Dataset items

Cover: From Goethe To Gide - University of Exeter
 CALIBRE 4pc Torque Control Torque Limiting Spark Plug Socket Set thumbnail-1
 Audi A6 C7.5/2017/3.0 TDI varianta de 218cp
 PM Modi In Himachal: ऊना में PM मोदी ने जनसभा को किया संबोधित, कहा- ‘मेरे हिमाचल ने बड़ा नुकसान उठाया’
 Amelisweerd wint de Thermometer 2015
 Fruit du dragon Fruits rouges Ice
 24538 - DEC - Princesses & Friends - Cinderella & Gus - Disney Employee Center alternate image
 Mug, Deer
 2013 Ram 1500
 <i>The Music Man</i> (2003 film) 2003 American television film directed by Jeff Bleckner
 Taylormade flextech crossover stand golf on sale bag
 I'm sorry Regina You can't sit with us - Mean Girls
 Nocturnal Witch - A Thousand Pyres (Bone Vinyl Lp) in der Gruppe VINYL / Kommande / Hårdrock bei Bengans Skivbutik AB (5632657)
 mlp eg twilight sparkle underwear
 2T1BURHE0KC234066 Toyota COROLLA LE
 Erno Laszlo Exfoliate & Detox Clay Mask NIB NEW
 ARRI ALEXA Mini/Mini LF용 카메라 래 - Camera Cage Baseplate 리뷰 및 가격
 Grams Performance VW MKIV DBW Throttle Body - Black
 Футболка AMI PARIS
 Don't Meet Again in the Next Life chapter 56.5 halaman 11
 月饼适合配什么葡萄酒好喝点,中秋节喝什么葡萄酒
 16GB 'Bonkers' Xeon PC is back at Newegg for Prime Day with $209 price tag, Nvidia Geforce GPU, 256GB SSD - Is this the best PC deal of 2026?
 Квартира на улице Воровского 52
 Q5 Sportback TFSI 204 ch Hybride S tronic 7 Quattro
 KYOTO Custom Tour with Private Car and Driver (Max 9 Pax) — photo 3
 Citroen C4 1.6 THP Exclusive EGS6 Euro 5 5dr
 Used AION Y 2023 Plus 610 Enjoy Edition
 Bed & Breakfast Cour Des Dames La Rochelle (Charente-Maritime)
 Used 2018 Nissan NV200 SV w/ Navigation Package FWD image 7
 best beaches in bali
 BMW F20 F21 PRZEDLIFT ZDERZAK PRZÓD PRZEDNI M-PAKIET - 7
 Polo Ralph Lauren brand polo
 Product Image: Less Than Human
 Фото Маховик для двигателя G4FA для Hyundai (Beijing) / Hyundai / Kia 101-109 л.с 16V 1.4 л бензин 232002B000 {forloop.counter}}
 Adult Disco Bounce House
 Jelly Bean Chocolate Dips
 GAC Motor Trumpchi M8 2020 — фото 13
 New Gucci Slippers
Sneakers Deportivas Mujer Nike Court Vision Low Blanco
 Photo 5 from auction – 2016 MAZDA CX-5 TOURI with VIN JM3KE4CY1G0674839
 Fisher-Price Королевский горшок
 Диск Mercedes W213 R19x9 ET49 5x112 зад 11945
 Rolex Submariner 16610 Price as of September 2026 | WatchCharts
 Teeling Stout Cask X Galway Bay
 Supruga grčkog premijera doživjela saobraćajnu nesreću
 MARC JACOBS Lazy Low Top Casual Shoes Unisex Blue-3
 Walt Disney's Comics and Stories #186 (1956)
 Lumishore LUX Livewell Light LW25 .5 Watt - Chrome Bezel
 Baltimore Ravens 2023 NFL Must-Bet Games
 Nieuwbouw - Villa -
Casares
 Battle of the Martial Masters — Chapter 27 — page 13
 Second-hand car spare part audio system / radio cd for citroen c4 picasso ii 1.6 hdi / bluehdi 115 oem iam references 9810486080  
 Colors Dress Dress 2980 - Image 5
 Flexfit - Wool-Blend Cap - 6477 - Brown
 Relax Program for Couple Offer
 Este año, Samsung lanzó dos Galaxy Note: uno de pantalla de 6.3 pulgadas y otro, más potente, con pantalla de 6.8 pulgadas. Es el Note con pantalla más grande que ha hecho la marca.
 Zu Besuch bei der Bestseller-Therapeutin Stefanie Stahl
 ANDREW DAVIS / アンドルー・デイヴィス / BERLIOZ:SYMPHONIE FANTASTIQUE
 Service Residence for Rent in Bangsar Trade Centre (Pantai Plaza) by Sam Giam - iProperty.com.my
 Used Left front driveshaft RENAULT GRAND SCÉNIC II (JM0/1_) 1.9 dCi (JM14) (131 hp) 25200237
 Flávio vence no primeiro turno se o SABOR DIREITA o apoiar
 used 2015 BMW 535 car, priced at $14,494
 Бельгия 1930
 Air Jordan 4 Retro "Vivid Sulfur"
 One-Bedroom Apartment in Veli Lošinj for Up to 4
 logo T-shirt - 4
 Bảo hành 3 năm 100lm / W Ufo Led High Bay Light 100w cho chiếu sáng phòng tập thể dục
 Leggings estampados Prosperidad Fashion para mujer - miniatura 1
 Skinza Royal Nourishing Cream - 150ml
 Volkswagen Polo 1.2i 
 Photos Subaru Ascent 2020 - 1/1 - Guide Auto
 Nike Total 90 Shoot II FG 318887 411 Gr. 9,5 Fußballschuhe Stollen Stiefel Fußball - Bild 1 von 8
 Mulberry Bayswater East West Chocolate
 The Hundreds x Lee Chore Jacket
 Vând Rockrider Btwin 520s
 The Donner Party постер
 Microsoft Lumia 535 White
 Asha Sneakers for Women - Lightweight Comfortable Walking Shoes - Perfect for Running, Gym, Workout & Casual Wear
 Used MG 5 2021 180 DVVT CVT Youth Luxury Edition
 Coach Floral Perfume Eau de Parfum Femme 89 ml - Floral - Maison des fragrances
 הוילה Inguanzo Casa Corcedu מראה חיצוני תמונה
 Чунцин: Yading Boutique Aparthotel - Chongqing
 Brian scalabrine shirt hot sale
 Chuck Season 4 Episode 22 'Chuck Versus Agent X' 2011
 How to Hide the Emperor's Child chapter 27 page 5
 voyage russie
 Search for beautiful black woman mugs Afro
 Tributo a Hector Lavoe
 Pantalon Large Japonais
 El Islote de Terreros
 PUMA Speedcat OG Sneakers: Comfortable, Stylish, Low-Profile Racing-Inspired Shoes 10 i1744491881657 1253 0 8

= Exercise requirements =
Copy, please, every line from the start of the entries down to the line that holds "Футболка AMI PARIS", with both of those lines included and no others.

= Exercise response =
Cover: From Goethe To Gide - University of Exeter
 CALIBRE 4pc Torque Control Torque Limiting Spark Plug Socket Set thumbnail-1
 Audi A6 C7.5/2017/3.0 TDI varianta de 218cp
 PM Modi In Himachal: ऊना में PM मोदी ने जनसभा को किया संबोधित, कहा- ‘मेरे हिमाचल ने बड़ा नुकसान उठाया’
 Amelisweerd wint de Thermometer 2015
 Fruit du dragon Fruits rouges Ice
 24538 - DEC - Princesses & Friends - Cinderella & Gus - Disney Employee Center alternate image
 Mug, Deer
 2013 Ram 1500
 <i>The Music Man</i> (2003 film) 2003 American television film directed by Jeff Bleckner
 Taylormade flextech crossover stand golf on sale bag
 I'm sorry Regina You can't sit with us - Mean Girls
 Nocturnal Witch - A Thousand Pyres (Bone Vinyl Lp) in der Gruppe VINYL / Kommande / Hårdrock bei Bengans Skivbutik AB (5632657)
 mlp eg twilight sparkle underwear
 2T1BURHE0KC234066 Toyota COROLLA LE
 Erno Laszlo Exfoliate & Detox Clay Mask NIB NEW
 ARRI ALEXA Mini/Mini LF용 카메라 래 - Camera Cage Baseplate 리뷰 및 가격
 Grams Performance VW MKIV DBW Throttle Body - Black
 Футболка AMI PARIS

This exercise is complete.